Jesus schenkt uns eine neue Identität! Wenn wir unser Herz Jesus geben, dann schenkt er uns ein neues Herz. Das ist der Grund, weshalb es für uns keine Verurteilung mehr gibt. Das ist der Grund, weshalb niemand uns anklagen kann, denn Gott ist es ja, der uns gerecht spricht (Röm 8,33). Wenn Gott uns sieht, dann sieht er Jesus Christus! Er sieht das Herz Christi. Nicht, weil wir so viel Gutes taten, sondern wegen den Taten Christi. Nicht, weil wir uns irgendetwas vor Gott verdient hätten, sondern weil Gott uns liebt und zu uns spricht: „Komm zu mir, ich will Dich in meinem Reich!“ Um uns in sein Reich zu versetzen, schenkte er uns ein ganz neues Herz. Gott nahm unser altes und vergiftetes Herz mit Stolz und mit Schmerzen heraus und ersetzte es mit dem Herz Jesu Christi.

 

 Schlussfolgerungen

Niemand auf dieser Welt hat zu oft oder zu schlimm gesündigt, so dass ihm nicht mehr vergeben werden könnte. Gottes Gnade ist für alle Menschen da, egal was sie angestellt haben in ihrem Leben. Gottes Gnade ist ein Geschenk und verändert unser Leben zum Guten. Die beste Idee, die Gott jemals hatte war Gnade und sie ist grösser, als wir uns vorstellen können.

Wenn wir selbst als Christen Anklagen hören wie: „Deine Sünden sind zu viele oder zu gross für die Gnade, Gott hat sich von Dir abgewendet ...“ usw. Dann antworten wir (Röm 8,1): „Es gibt jetzt also keine Verurteilung für die, die in Christus Jesus sind.“ Denn Jesus hat uns freigesprochen mit denselben Worten, die er zur Frau sprach: „Geh hin und sündige nicht mehr!“ In der Taufe wurden wir durch das Blut Jesu von allen Sünden reingewaschen.

Es mag seine Zeit dauern, bis wir das verstanden haben und immer mehr auf die Stimme Jesu als auf die verurteilenden Stimmen hören.
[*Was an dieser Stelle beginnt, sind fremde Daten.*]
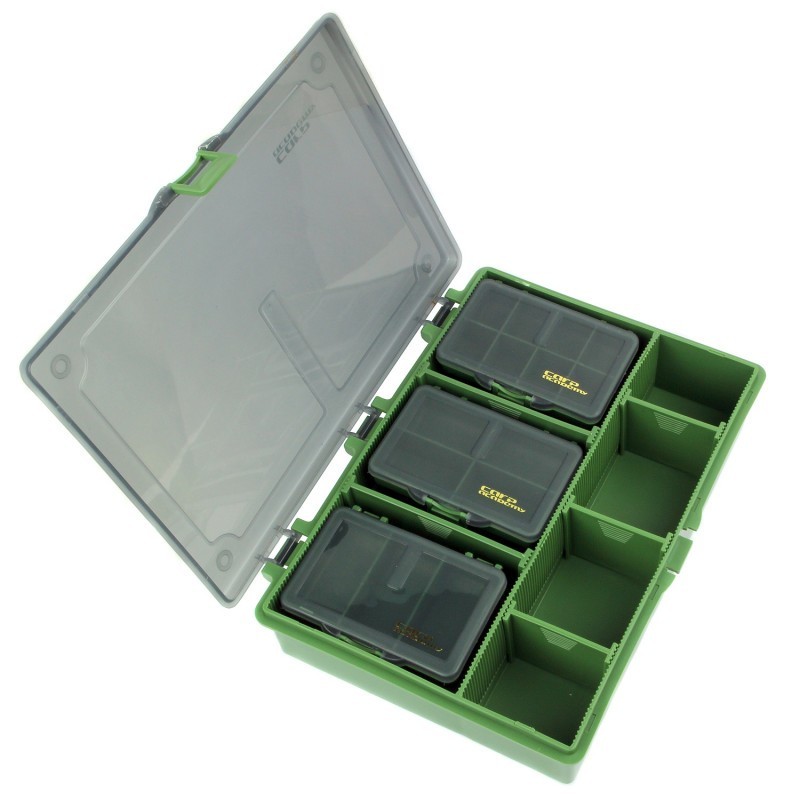 Dėžučių rinkinys Carp Academy Carp Box Set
Doch seit unserer Taufe ist der positive Veränderungsprozess voll im Gange (Röm 6,1-14). Durch Gottes Gnade wurden wir gerecht gesprochen! Wer will uns verurteilen? (Röm 8,33). Menschen und Gedanken haben keine Macht mehr über uns, denn nur Jesus Christus hat die Vollmacht das letzte Wort zu sprechen (2 Kor 5,10).
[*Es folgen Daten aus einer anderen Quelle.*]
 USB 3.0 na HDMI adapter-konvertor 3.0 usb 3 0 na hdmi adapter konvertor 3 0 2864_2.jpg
Gottes Gnade verändert unser Leben zum Guten und lässt uns in seiner Gnade wachsen. Unser Herz wurde ersetzt durch das Herz Christi. Das heisst; der Freispruch macht aus uns bessere Menschen. Gottes Barmherzigkeit schenkt uns immer wieder einen neuen Anfang.
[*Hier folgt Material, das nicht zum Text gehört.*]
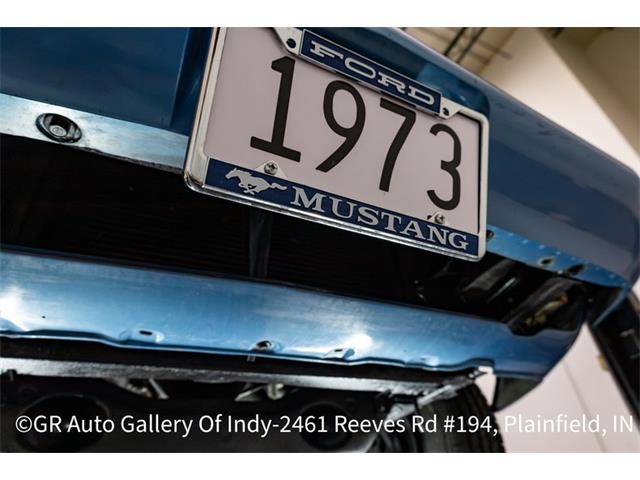 1973 Ford Mustang (CC-2115067) for sale in Kentwood, Michigan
Unser neues Herz wächst immer mehr in der Gnade Gottes. Es hat unser Leben völlig verändert und unser Leben hat sich zum Guten gewendet. Wir sind Kinder Gottes und haben nichts zu befürchten (1 Joh 3,1). Wir brauchen uns vor den Menschen nicht zu rechtfertigen, denn Jesus ist unsere Rechtfertigung. „Denn ich bin mir dessen gewiss: ... [nichts] vermag uns zu scheiden von der Liebe Gottes, die in Christus Jesus ist, unserem Herrn“ (Röm 8,39b). Darum sind wir dem Herrn so dankbar und dienen IHM mit Freuden!